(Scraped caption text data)
▼
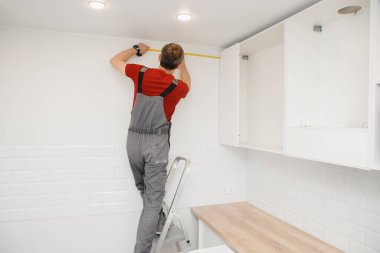 Mobilya dolabı menteşesi monte eden bir işçi. Mutfak tamircisi.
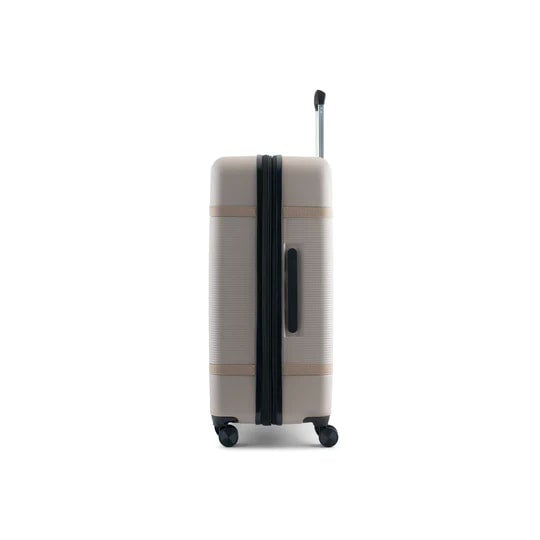 Beige suitcase with black handle and wheels on a white background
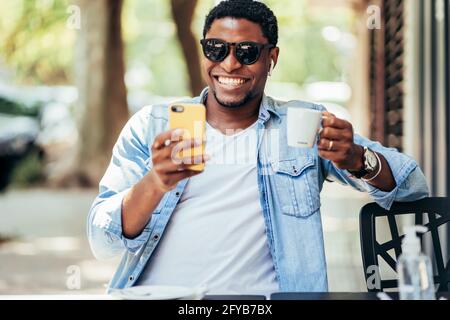 Mann auf einem Videoanruf mit einem Handy im Café. Stockfoto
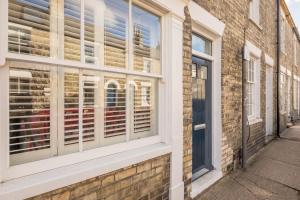 a window with blinds on a brick building at Beautiful 2bed Central Home in Cambridge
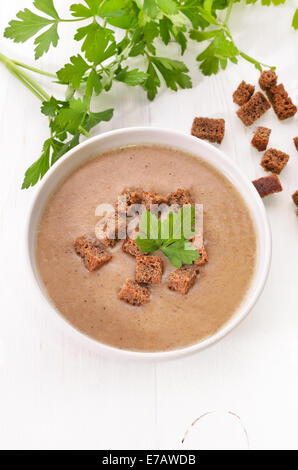 Soupe de pain avec des croûtons et des herbes sur la table en bois blanc, vue du dessus Banque D'Images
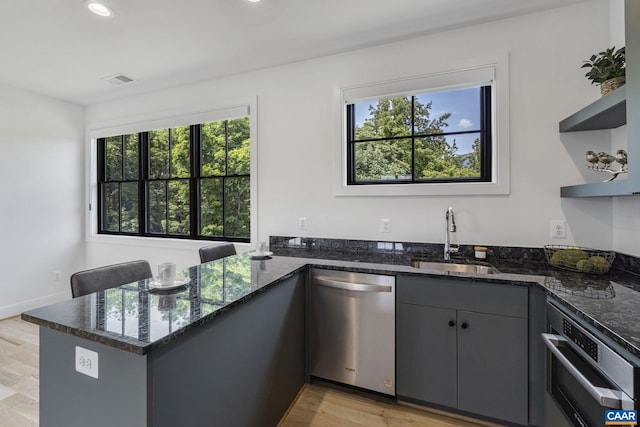 310 Goodloe Ln, Afton, VA 22920 - kitchen featuring stainless steel appliances, a peninsula, healthy amount of natural light, dark stone countertops, and recessed lighting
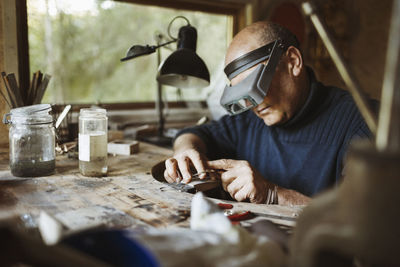 Senior craftsman working at table in workshop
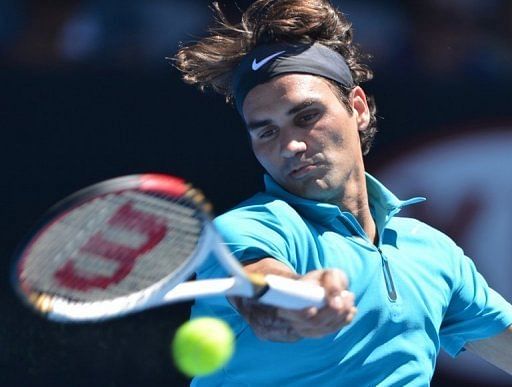 Roger Federer plays a return during his match against Benoit Paire at the Australian Open on January 15, 2013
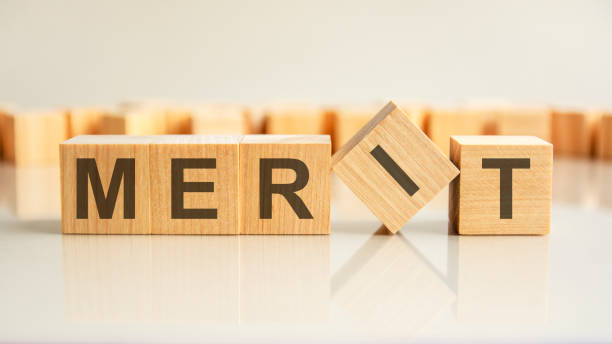 istock merit text on a wooden blocks, gray background. 1372962608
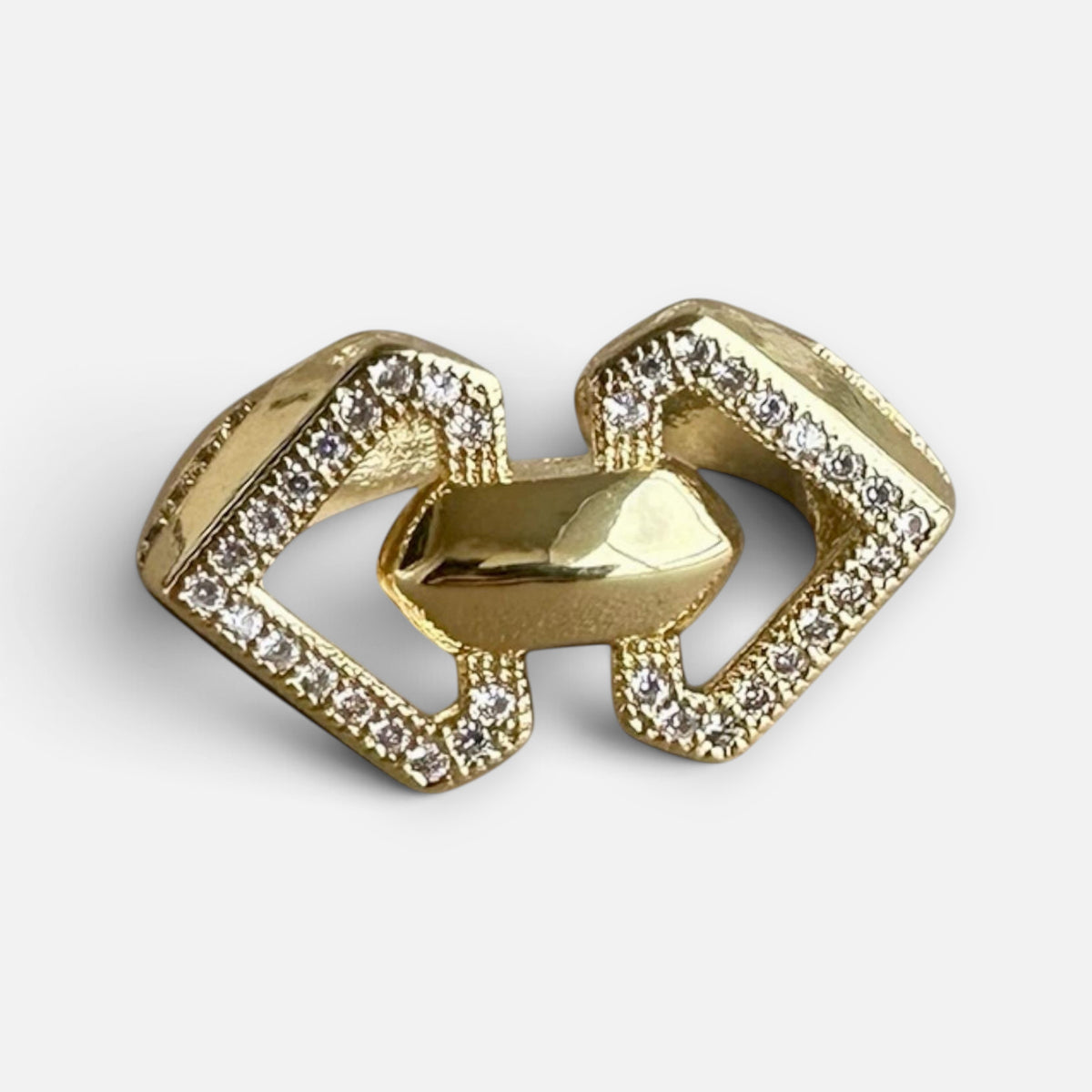 Jakris adjustable gold-tone geometric ring featuring a chain-link design with sparkling crystal accents.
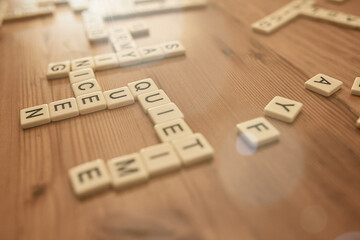 Working words together. Shot of a board game being played without the board.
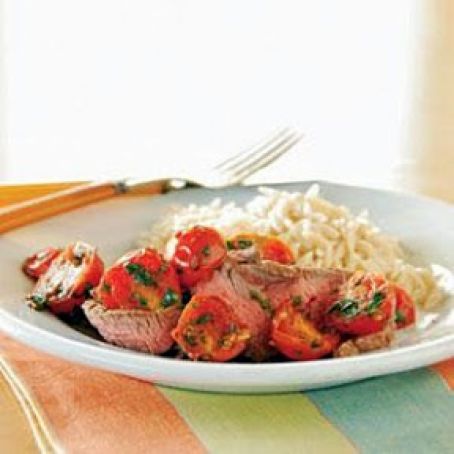 Grilled Flank Steak with Warm Tomato Topping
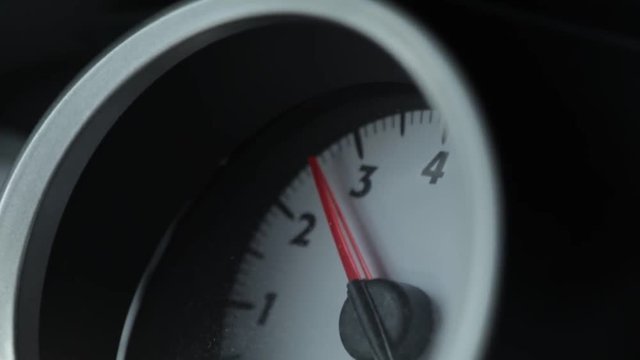 Shaky cam footage of an accelerating speedometer. Shot on Canon C200 in afternoon light in a driving car.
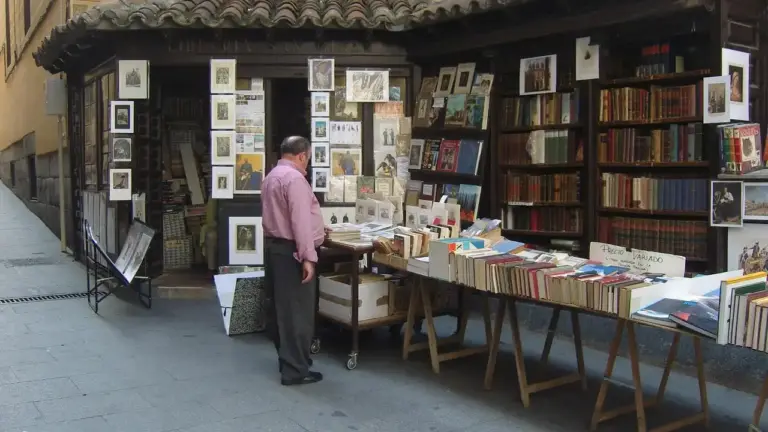 A man in a pink shirt browses a street bookstore filled with books and posters about money and psychology.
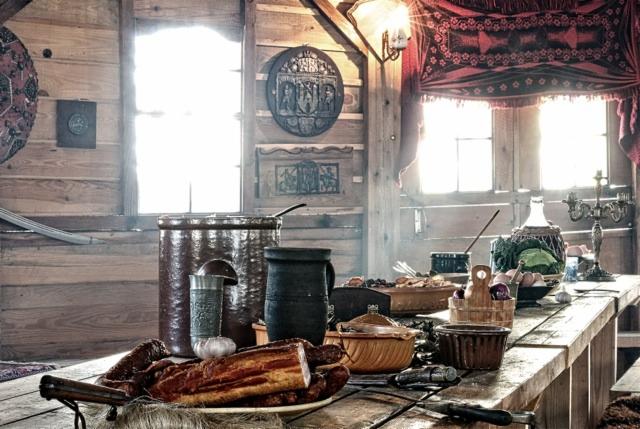 Rustykalny stół w drewnianej chacie z wędlinami, naczyniami ceramicznymi i metalowymi, dekoracjami ściennymi i oknami z czerwonymi zasłonami.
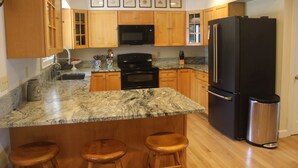 A kitchen with wooden cabinets, a black refrigerator, a stainless steel trash can, and a granite countertop. - Serene 4-bedroom house with water access in charming Phippsburg (Phippsburg)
▲
Reproduce exactly the lines of the entries above from the first through the line with "istock merit text", both included; pictures should not be reproduced.

 Mobilya dolabı menteşesi monte eden bir işçi. Mutfak tamircisi.
 Beige suitcase with black handle and wheels on a white background
 Mann auf einem Videoanruf mit einem Handy im Café. Stockfoto
 a window with blinds on a brick building at Beautiful 2bed Central Home in Cambridge
 Soupe de pain avec des croûtons et des herbes sur la table en bois blanc, vue du dessus Banque D'Images
 310 Goodloe Ln, Afton, VA 22920 - kitchen featuring stainless steel appliances, a peninsula, healthy amount of natural light, dark stone countertops, and recessed lighting
 Senior craftsman working at table in workshop
 Roger Federer plays a return during his match against Benoit Paire at the Australian Open on January 15, 2013
 istock merit text on a wooden blocks, gray background. 1372962608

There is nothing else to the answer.